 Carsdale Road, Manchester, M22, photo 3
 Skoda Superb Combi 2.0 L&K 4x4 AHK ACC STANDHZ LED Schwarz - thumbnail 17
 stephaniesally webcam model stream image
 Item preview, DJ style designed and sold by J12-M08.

───

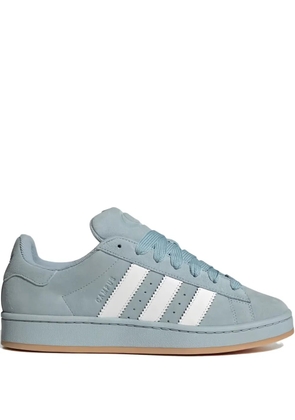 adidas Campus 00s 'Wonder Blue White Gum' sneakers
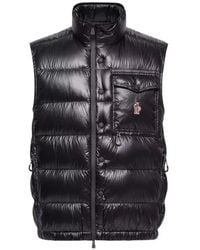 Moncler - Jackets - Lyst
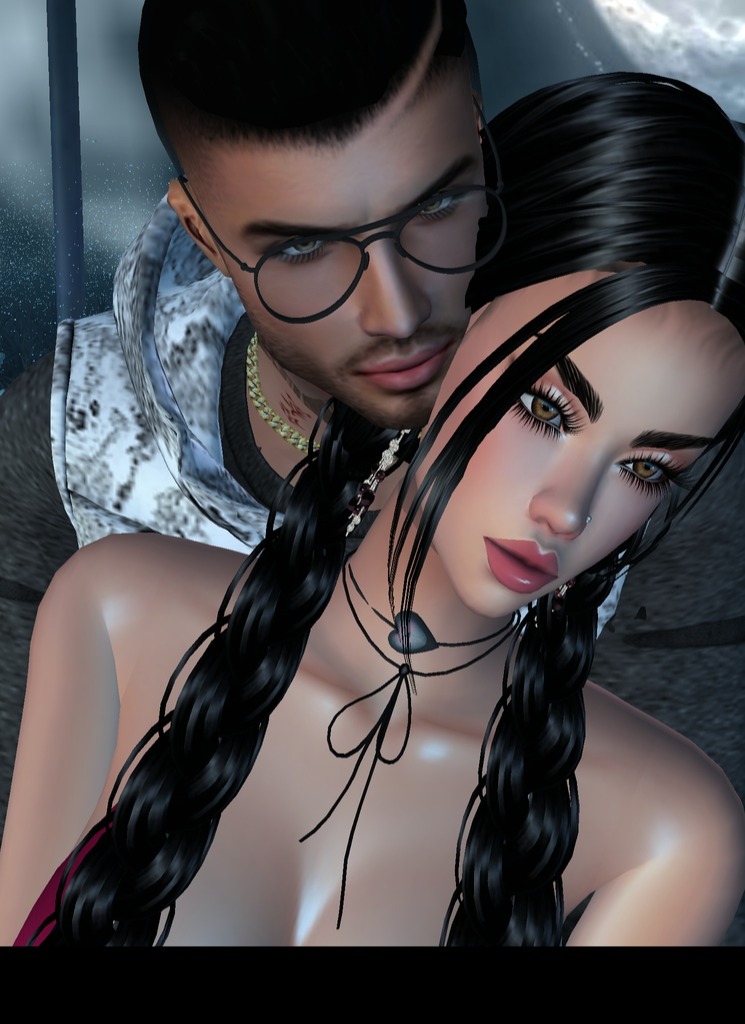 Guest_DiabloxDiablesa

───

» **Work to complete**
Reproduce only the lines above, starting at the line with "stephaniesally webcam model stream image" and ending at the line with "Item preview, DJ", exactly as written.

» **Your solution**
 stephaniesally webcam model stream image
 Item preview, DJ style designed and sold by J12-M08.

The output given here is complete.